What background?? The black one... or the center of the firefox...


----------



## theraven (Jan 11, 2005)

the black back ! with the white shading thingie
he basically wants just the icon
the centre , the fox, the flames


----------



## Ashis (Jan 11, 2005)

*YuP the Raven is Right!*

Problem Solved!

Old One ---   *img127.exs.cx/img127/3171/olddock9mb.png

New One---   *img127.exs.cx/img127/6224/newdock2mj.png

With Little Help From Adobe Photoshop CS & Adobe ImageReady CS!

The Modified FireFox ---  *img127.exs.cx/img127/1971/firefox2rc.png

Thanks Every one For UR Attention!

*Thanks Raven! This One is For U ---*  *img156.exs.cx/img156/3904/thinglegscrow2bq.gif <--- or ---> *img156.exs.cx/img156/841/crowwalksmall7gn.gif

(Works Well as Avatar)


----------



## theraven (Jan 12, 2005)

thanx
GIF's saved
but remember .. no animation in avatar/siggie 
tho ofcourse some members dun listen


----------



## NikhilVerma (Jan 12, 2005)

theraven said:
			
		

> the black back ! with the white shading thingie
> he basically wants just the icon
> the centre , the fox, the flames



LOL.... he was just asking for the portion outside the wole object to be removed....

But I'm confused coz it was already absent... How could he have got such a problem...
I will still try to remove the black thingy coz it's still quite a challenge


----------



## Ashis (Jan 12, 2005)

theraven said:
			
		

> thanx
> GIF's saved
> but remember .. no animation in avatar/siggie
> tho ofcourse some members dun listen



Yea just Checked the Rules Again!  
Frustrating... Why No Animation...Huh!  

Tell Me Why What The CUZ


----------



## Ashis (Jan 12, 2005)

> But I'm confused coz it was already absent... How could he have got such a problem...
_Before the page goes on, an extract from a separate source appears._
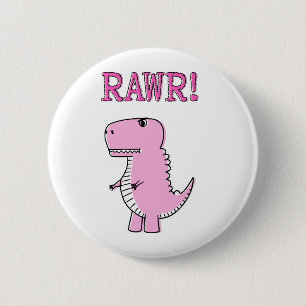 Cute And Angry Pink Cartoon T-Rex Dinosaur Button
Check this Out, I Still Had The White Image ---> *img127.exs.cx/img127/3171/olddock9mb.png


----------



## NikhilVerma (Jan 12, 2005)

Ashis said:
			
		

> > But I'm confused coz it was already absent... How could he have got such a problem...
> 
> 
> 
> ...



That's why I was confused coz png images support transparency... and your was already transparent ...

Anyways I removed the black background...

*img115.exs.cx/img115/5613/1116oo.png

Kinda looks bad... but can be corrected...


----------



## Ashis (Jan 12, 2005)

*Good Work!*
Can U Do The Same for Opera!


----------



## Butterfly (Jan 12, 2005)

:roll:  I would say Use GIF to save the file so that its background will be transparrent to all the object.

Note : Always create layers to use maximum editibility !


----------



## theraven (Jan 12, 2005)

Butterfly said:
			
		

> :roll:  I would say Use GIF to save the file so that its background will be transparrent to all the object.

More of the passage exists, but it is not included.